**WHAT YOU HAVE TO DO:** Transcribe the line that contains "Vợ chồng chị" and every line after it to the end of the records, exactly and nothing else. Skip the pictures.

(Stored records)
*** Block opens ***
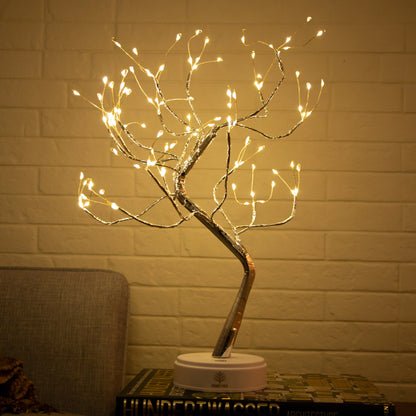 Decorative LED tree with lights on a stand against a brick wall.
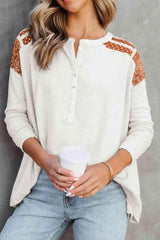 a woman wearing a white sweater and jeans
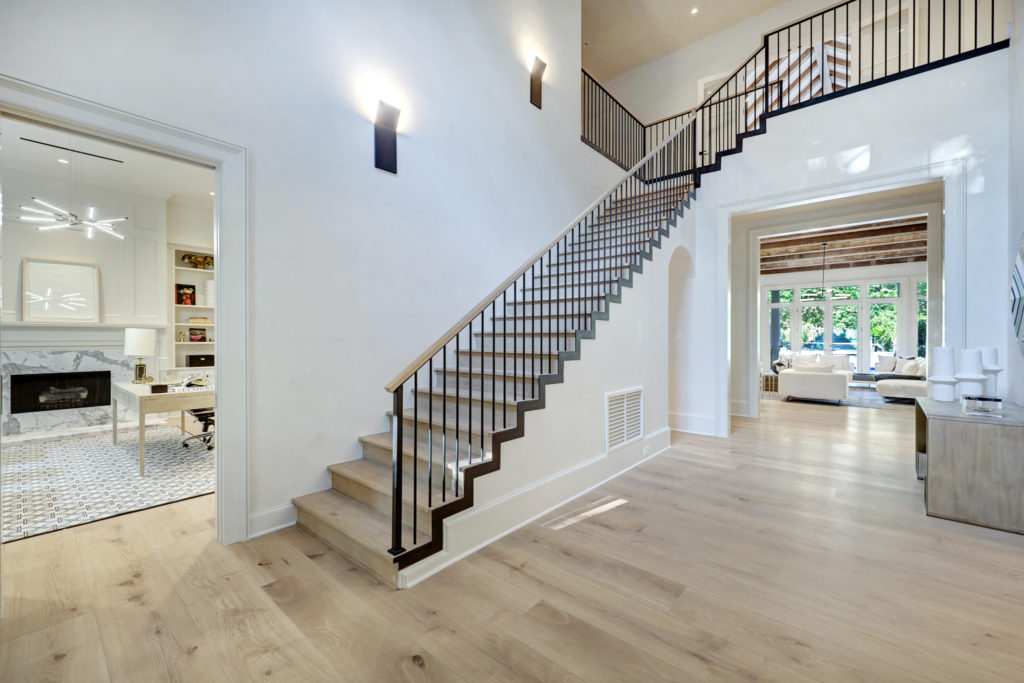 Wide plank European oak flooring is one of many changes in the home at 402 Timberwilde Lane (Photo by TK Images)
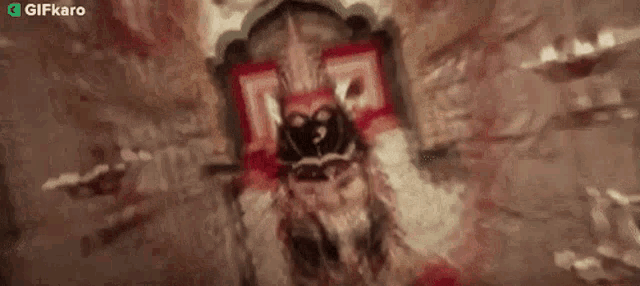 a statue of a man with a mask on his face is laying on a bed .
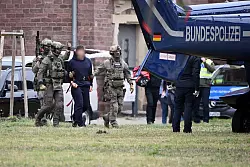 Eine Person wird von Polizeibeamten zu einem Hubschrauber gebracht. - &copy; Uli Deck/dpa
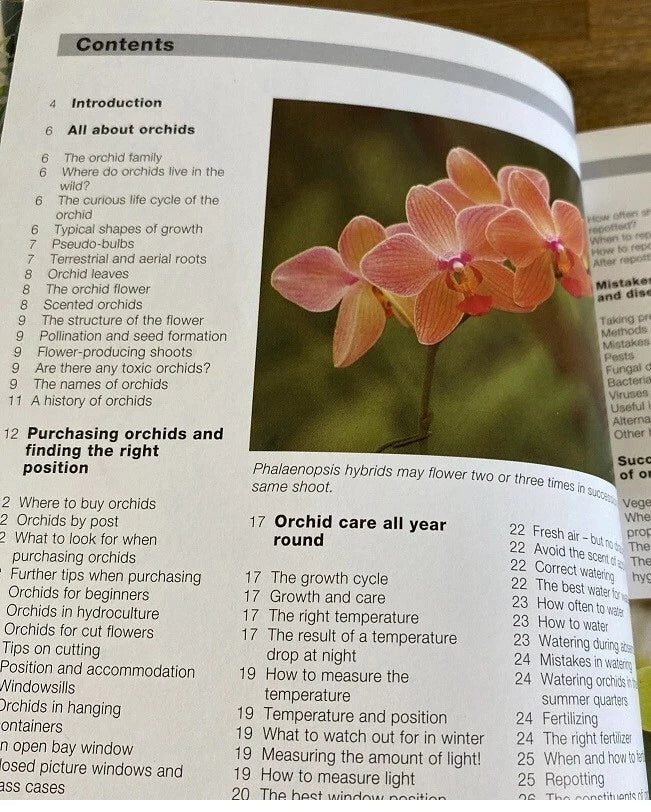 Orchids book, open page showing orchid photo and contents list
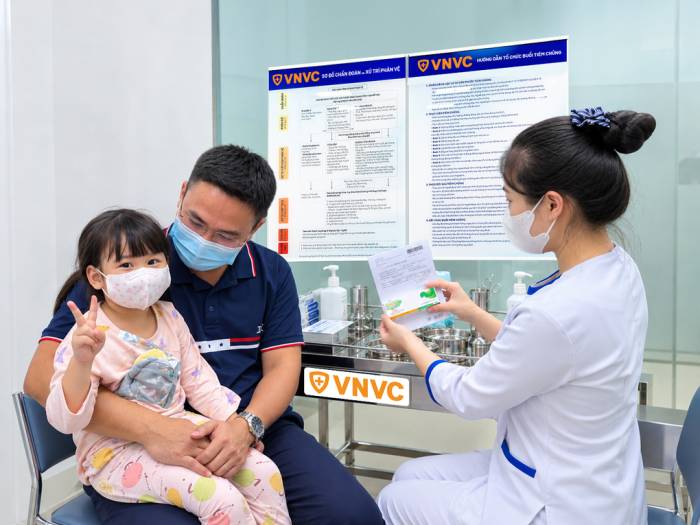 Vợ chồng chị Nay Ngân đưa con gái 3 tuổi từng mắc tay chân miệng tiêm vắc xin tại VNVC Ea Tam, Đắk Lắk. Ảnh: Bùi Huyền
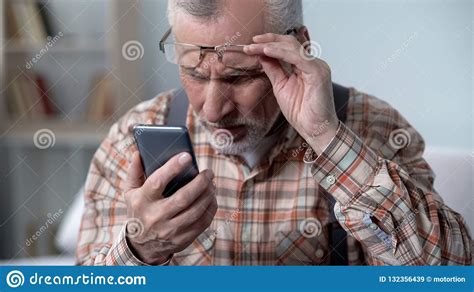 Bewildered Old Man Looking At Cellphone New Technology Complicated For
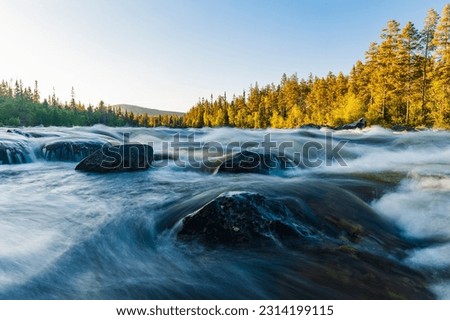 Serene wilderness: Norwegian river rushes, surrounded by trees, rocks and sky.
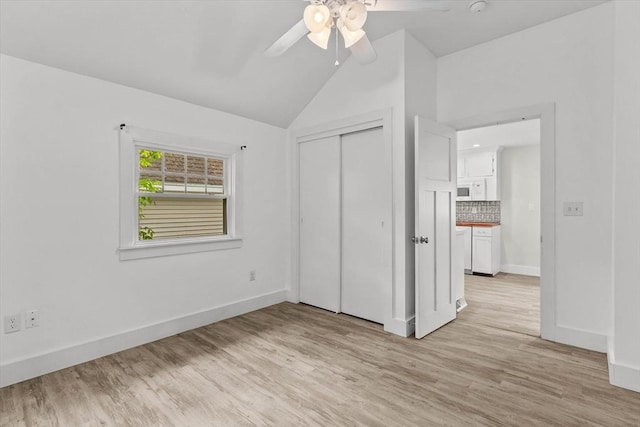 5 London Rd, Salem, NH 03079 - unfurnished bedroom with vaulted ceiling, light wood finished floors, baseboards, a closet, and ceiling fan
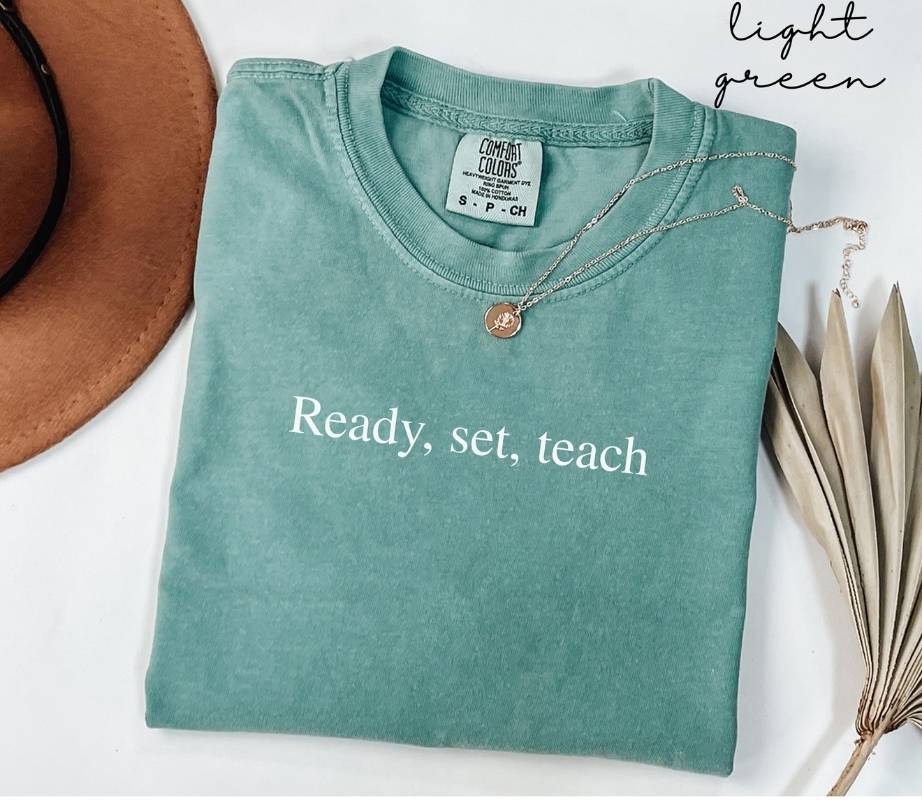 Folded light green t-shirt with 'Ready, set, teach' text on a white surface with a hat and dried leaves.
*** Block closes ***
**WRITTEN REPLY:**
 Vợ chồng chị Nay Ngân đưa con gái 3 tuổi từng mắc tay chân miệng tiêm vắc xin tại VNVC Ea Tam, Đắk Lắk. Ảnh: Bùi Huyền
 Bewildered Old Man Looking At Cellphone New Technology Complicated For
 Serene wilderness: Norwegian river rushes, surrounded by trees, rocks and sky.
 5 London Rd, Salem, NH 03079 - unfurnished bedroom with vaulted ceiling, light wood finished floors, baseboards, a closet, and ceiling fan
 Folded light green t-shirt with 'Ready, set, teach' text on a white surface with a hat and dried leaves.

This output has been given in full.